Sementara itu, mengacu pada data Realisasi Perpajakan dan Tax Gap 2019, tax gap di Tanah Air mencapai 8,5% dengan kemampuan memungut pajak sebesar 9,76% terhadap PDB. Artinya, masih banyak potensi penerimaan pajak yang belum terpungut.

Menanggapi hal ini, Pengajar Ilmu Administrasi Fiskal Universitas Indonesia Prianto Budi Saptono menjelaskan ada beberapa penyebab besarnya potensi penerimaan, terutama Pajak Penghasilan (PPh), yang tidak terpungut sehingga menjadi pengganjal akselerasi rasio pajak.

Pertama, adanya perbedaan antara kewajiban pajak yang dikenakan berdasarkan undang-undang pada tahun pajak tertentu, dan jumlah pajak yang dibayarkan oleh wajib pajak secara sukarela dan tepat waktu dalam periode tersebut.

Kedua, adanya praktik pengelakan pajak atau tax evasion dan penghindaran pajak alias tax avoidance. Tax evasion terjadi ketika wajib pajak tidak melaksanakan kewajiban perpajakannya secara ilegal dan melanggar peraturan.

Adapun, tax avoidance muncul karena wajib pajak dapat mengefisienkan biaya pajak dengan cara mencari celah peraturan perpajakan sehingga memberikan keuntungan atau tax loopholes.

“Tax avoidance itu legal, tetapi tidak sesuai dengan spirit pembuat kebijakan, sedangkan tax avoidance muncul karena ketidaksempurnaan peraturan pajak yang disusun,” jelasnya kepada Bisnis, Kamis (4/8).

Prianto memerinci, ada tiga jenis tax gap di Indonesia. Pertama, nonfiling gap, yaitu ketika wajib pajak tidak melaporkan Surat Pemberitahuan (SPT) Tahunan sesuai batas waktu.

Kedua, underreporting gap, yakni wajib pajak kurang melaporkan penghasilan atau mencatat biaya pengurang penghasilan lebih besar. Ketiga, underpayment gap yang terjadi ketika wajib pajak tidak membayar semua utang pajak yang seharusnya dilaporkan.

Menurutnya, dalam kaitan mengatrol tax ratio, pemerintah wajib mempersempit tax gap, yakni dengan merumuskan peraturan yang mono semantik atau satu makna.

“Dengan demikian, potensi ambiguitas dan multiinterpretasi dapat diminimalkan,” ujarnya.
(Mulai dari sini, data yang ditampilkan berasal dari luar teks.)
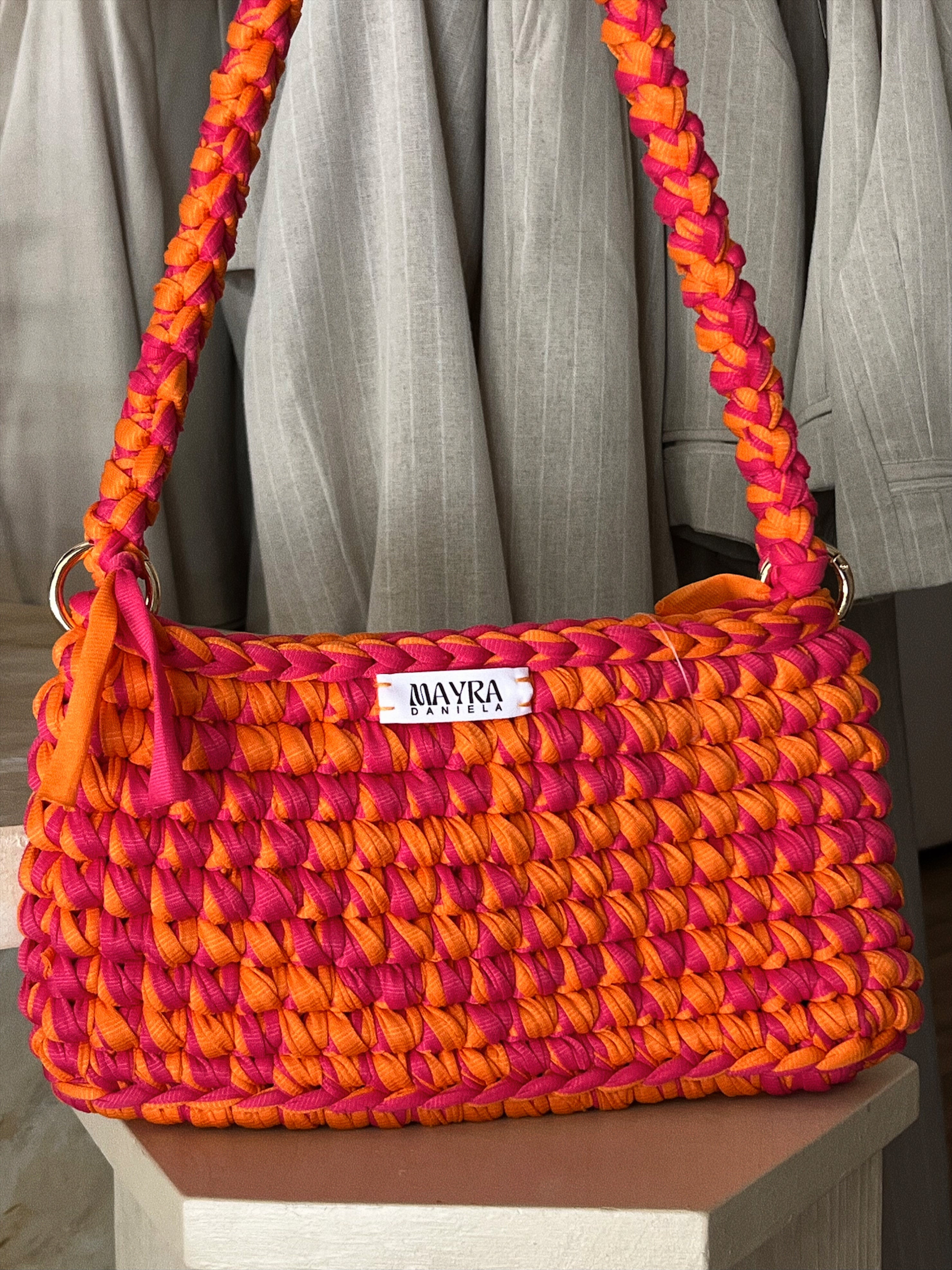 Freya Shoulder Bag - Orange/Fucsia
Tak bias dimungkiri, adanya fasilitas pengecualian juga menjadi faktor yang dominan dalam besarnya potensi penerimaan yang tidak terpungut.

Dalam kaitan ini, skema yang sering diumbar oleh negara ada pada Pajak Pertambahan Nilai (PPN).

DAYA PUNGUT

Faktanya, daya pungut pemerintah atas PPN yang tecermin dalam Value Added Tax (VAT) gross collection ratio masih amat terbatas.
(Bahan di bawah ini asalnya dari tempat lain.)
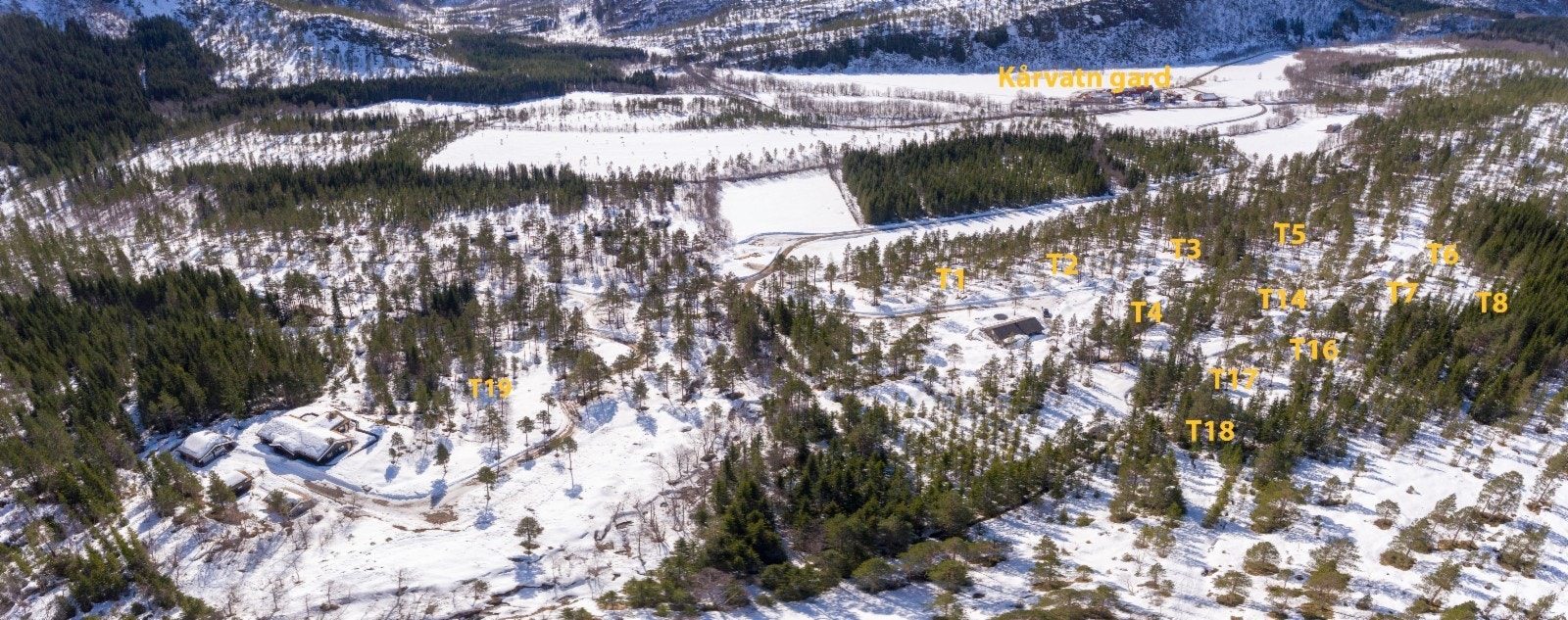 Hyttefeltet består av totalt 29 tomter, alle sørvendte og relativt romslige Galleribilde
Berdasarkan penghitungan Bisnis, dengan mengacu pada outlook penerimaan PPN pada tahun ini di angka Rp638,99 triliun dan konsumsi rumah tangga tumbuh di kisaran 4,8%—5,3%, maka VAT gross collection ratio sekitar 65,70%—66,01%.

Angka tersebut diperoleh dengan menggunakan asumsi tarif PPN sepanjang tahun ini masih sebesar 10%. Adapun apabila menggunakan asumsi tarif PPN sepanjang 2022 sebesar 11%, maka VAT gross collection ratio 59,72%—60,01%.
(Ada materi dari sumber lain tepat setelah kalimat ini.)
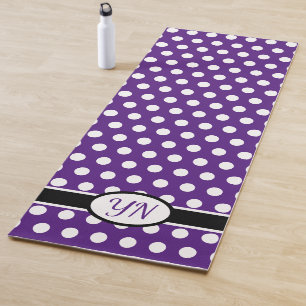 Tapis De Yoga Initiales personnalisées Point Polka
Kedua asumsi ini digunakan mengingat perubahan tarif PPN dari 10% menjadi 11% diberlakukan pada 1 April 2022.

Sementara itu, pada tahun lalu realisasi VAT gross collection ratio tercatat di angka 59,65%. Artinya, pemerintah hanya berhasil memungut 59,65% dari total potensi penerimaan PPN yang pada tahun lalu mencapai Rp923 triliun.